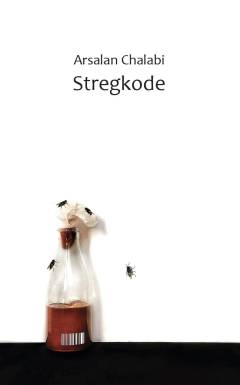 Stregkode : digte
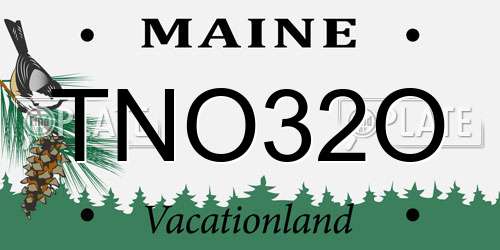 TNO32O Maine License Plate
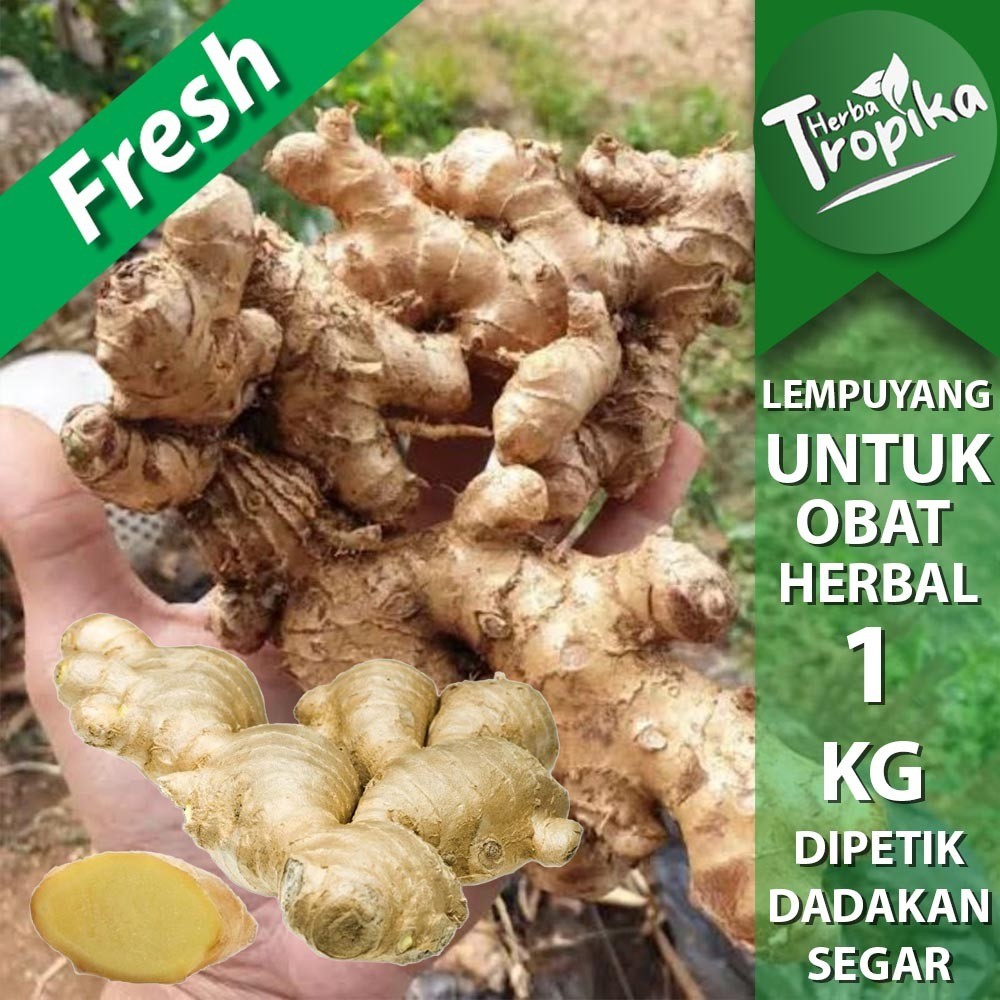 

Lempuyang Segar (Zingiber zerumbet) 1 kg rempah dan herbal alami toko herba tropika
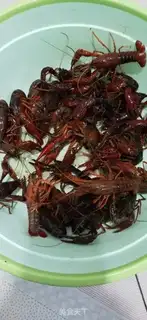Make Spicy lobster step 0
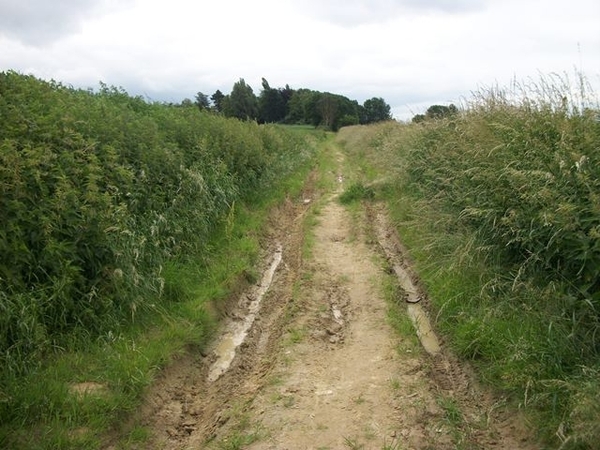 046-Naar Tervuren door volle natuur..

* * *

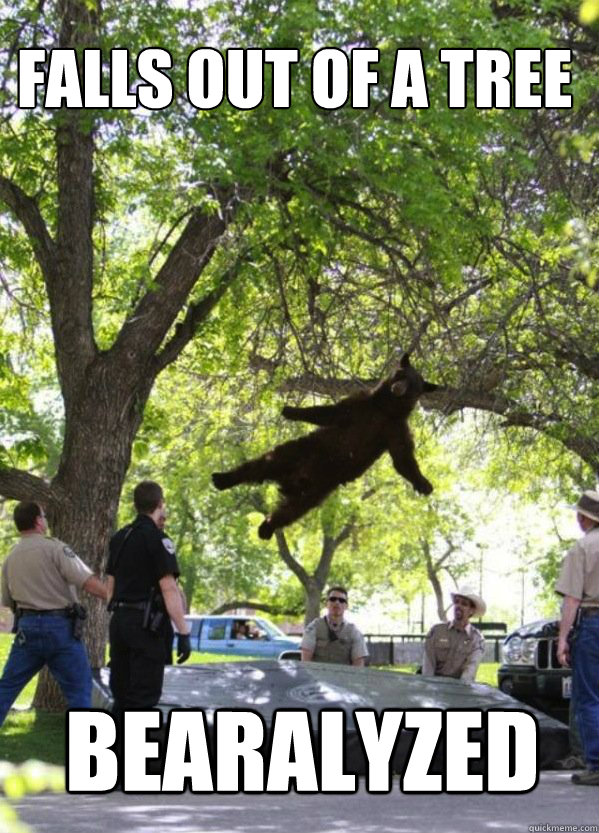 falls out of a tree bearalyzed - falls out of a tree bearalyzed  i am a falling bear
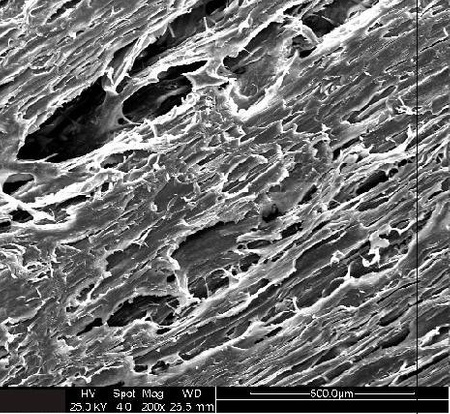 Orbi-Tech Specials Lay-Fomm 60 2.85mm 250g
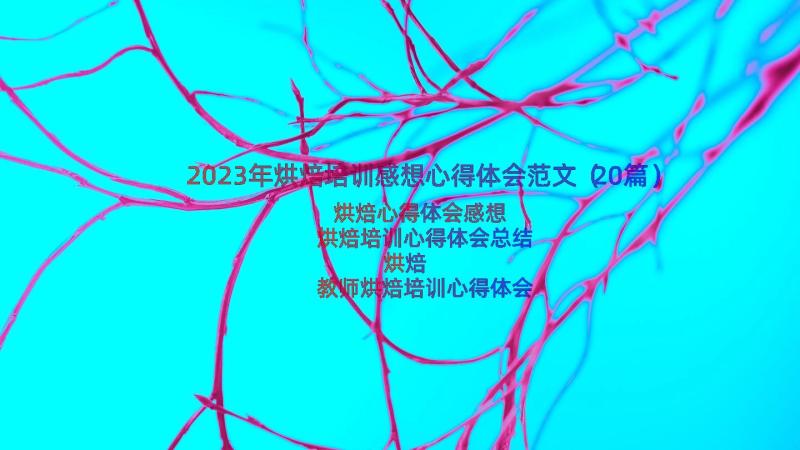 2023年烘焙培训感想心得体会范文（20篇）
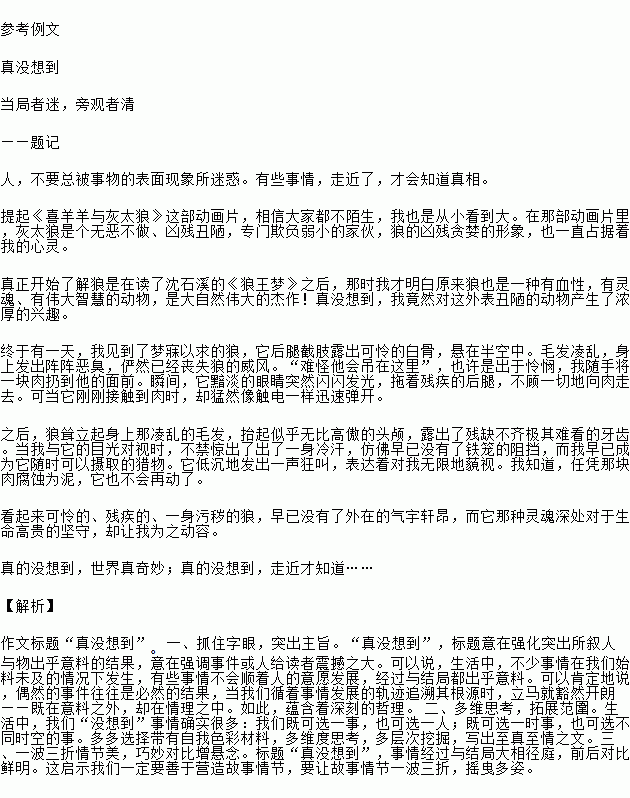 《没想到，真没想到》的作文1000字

---

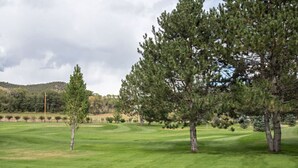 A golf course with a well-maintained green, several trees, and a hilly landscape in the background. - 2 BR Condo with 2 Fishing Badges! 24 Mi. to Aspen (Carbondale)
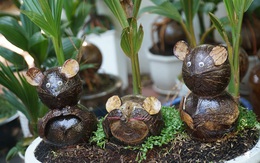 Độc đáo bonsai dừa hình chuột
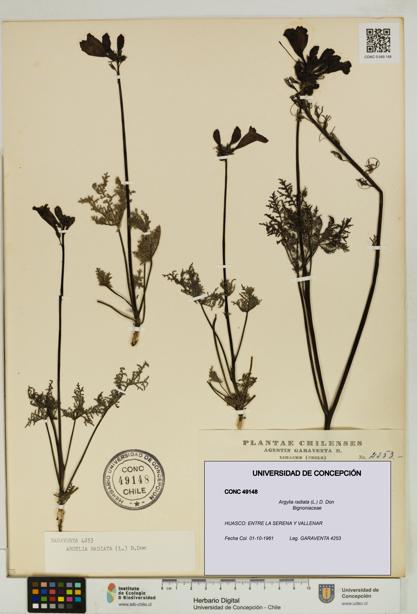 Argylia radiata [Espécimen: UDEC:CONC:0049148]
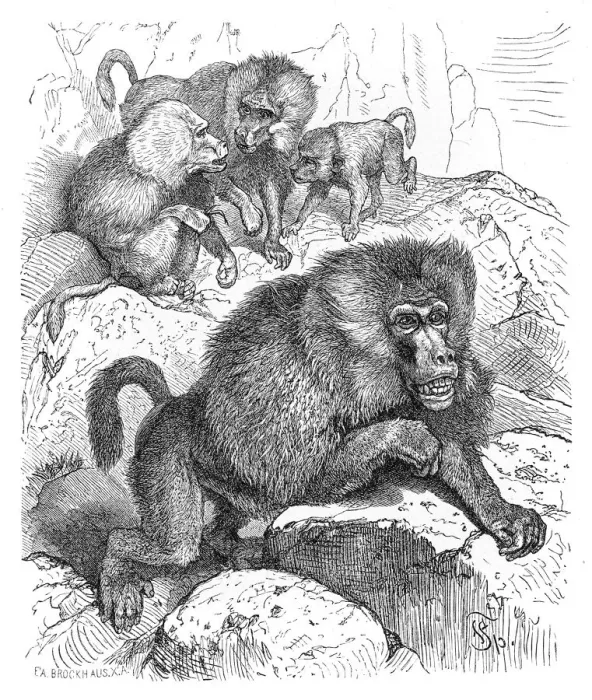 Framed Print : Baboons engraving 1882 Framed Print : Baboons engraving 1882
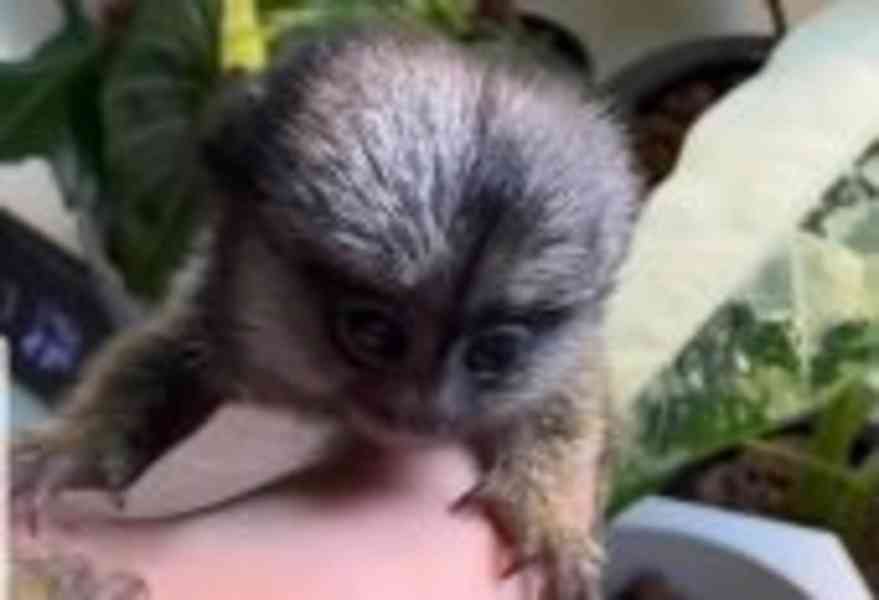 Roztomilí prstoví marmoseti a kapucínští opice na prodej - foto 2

• _Problem to solve_
Reproduce the listing above from the line that holds "Stregkode : digte" through the line that holds "046-Naar Tervuren door volle natuur..", both included, with the pictures left out.

• _Solution to this exercise_
 Stregkode : digte
 TNO32O Maine License Plate

Lempuyang Segar (Zingiber zerumbet) 1 kg rempah dan herbal alami toko herba tropika
Make Spicy lobster step 0
 046-Naar Tervuren door volle natuur..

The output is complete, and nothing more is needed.